Measuring "Twitter Scale" by tweets per second seems to be not how I would measure it.
Updates per second to end users who follow the 7K tweets per second seems more realistic, it's the timelines and notifications that hurt, not the top of ingest tweets per second prior to the fan out... and then of course it's whether you can do that continuously so as not to back up on it.
That's why we're saying "at 403 fanout". The bottleneck of Mastodon/Twitter is timeline writes, which is posts/second multiplied by the average number of followers per post. So our instance is doing 1.4M timeline writes / second.
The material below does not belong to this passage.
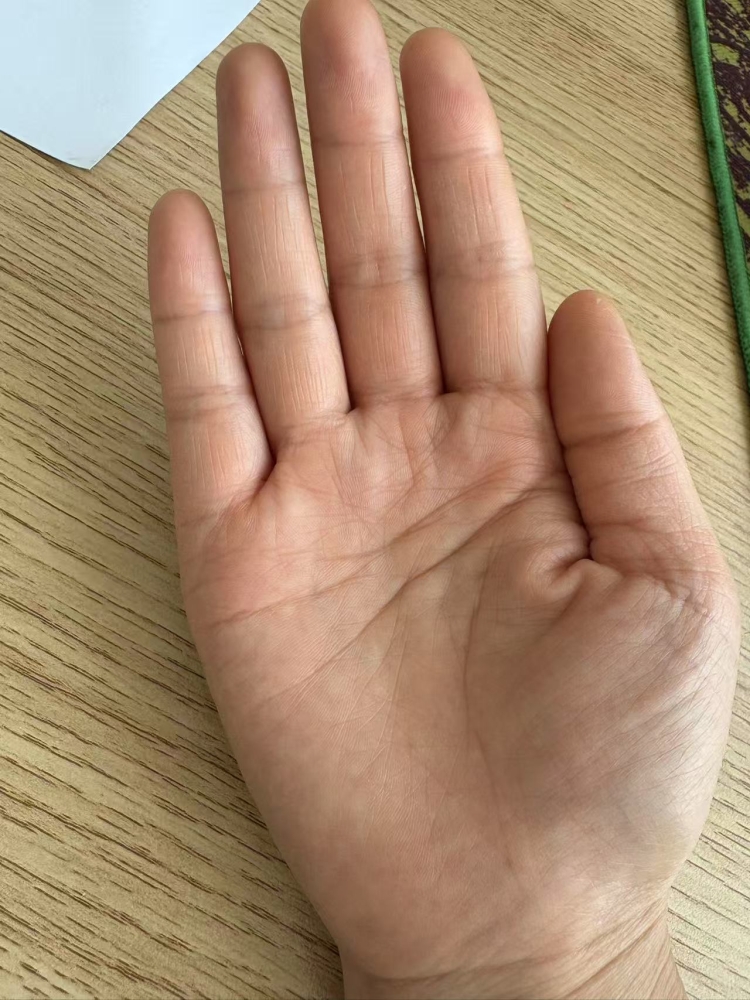 ��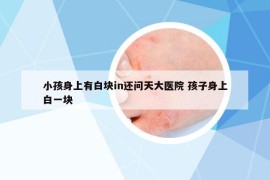 小孩身上有白块in还问天大医院 孩子身上白一块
Another important metric is "time to deliver to follower timelines", which is tricky due to how much variance there can be every second due to the extremely unbalanced social graph. When someone with 20M followers posts, that multiples the number of needed timeline writes by 15x. We went into depth in our post on how we handled that to provide fairness by preventing these big users from hogging all the resources all at once.
I heard somewhere that one of the particular challenges of Twitter's scale is not the average fanout, but the outliers where millions or tens of millions of users follow a single account. Does your simulation take that into account?
Updates per second to end users who follow the 7K tweets per second seems more realistic, it's the timelines and notifications that hurt, not the top of ingest tweets per second prior to the fan out... and then of course it's whether you can do that continuously so as not to back up on it.